Start of Data shown

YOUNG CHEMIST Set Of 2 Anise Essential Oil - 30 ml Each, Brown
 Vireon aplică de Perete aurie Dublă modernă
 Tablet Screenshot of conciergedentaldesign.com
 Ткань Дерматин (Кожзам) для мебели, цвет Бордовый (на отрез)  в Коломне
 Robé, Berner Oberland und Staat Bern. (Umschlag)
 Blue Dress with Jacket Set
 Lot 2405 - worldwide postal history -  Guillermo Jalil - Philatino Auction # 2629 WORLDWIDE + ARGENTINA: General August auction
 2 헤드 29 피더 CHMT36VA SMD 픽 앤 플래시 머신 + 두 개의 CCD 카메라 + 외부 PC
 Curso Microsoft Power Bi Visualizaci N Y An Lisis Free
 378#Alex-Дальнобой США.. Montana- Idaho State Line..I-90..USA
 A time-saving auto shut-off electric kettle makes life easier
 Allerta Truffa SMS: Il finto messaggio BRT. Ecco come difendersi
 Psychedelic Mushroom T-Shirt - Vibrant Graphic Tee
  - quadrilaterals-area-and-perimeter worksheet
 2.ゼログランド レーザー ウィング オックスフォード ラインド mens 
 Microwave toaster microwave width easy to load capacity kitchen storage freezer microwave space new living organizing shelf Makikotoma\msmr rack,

End of Data shown

## [Prompt]
Please output every line shown above exactly.

## [Answer box]
YOUNG CHEMIST Set Of 2 Anise Essential Oil - 30 ml Each, Brown
 Vireon aplică de Perete aurie Dublă modernă
 Tablet Screenshot of conciergedentaldesign.com
 Ткань Дерматин (Кожзам) для мебели, цвет Бордовый (на отрез)  в Коломне
 Robé, Berner Oberland und Staat Bern. (Umschlag)
 Blue Dress with Jacket Set
 Lot 2405 - worldwide postal history -  Guillermo Jalil - Philatino Auction # 2629 WORLDWIDE + ARGENTINA: General August auction
 2 헤드 29 피더 CHMT36VA SMD 픽 앤 플래시 머신 + 두 개의 CCD 카메라 + 외부 PC
 Curso Microsoft Power Bi Visualizaci N Y An Lisis Free
 378#Alex-Дальнобой США.. Montana- Idaho State Line..I-90..USA
 A time-saving auto shut-off electric kettle makes life easier
 Allerta Truffa SMS: Il finto messaggio BRT. Ecco come difendersi
 Psychedelic Mushroom T-Shirt - Vibrant Graphic Tee
  - quadrilaterals-area-and-perimeter worksheet
 2.ゼログランド レーザー ウィング オックスフォード ラインド mens 
 Microwave toaster microwave width easy to load capacity kitchen storage freezer microwave space new living organizing shelf Makikotoma\msmr rack,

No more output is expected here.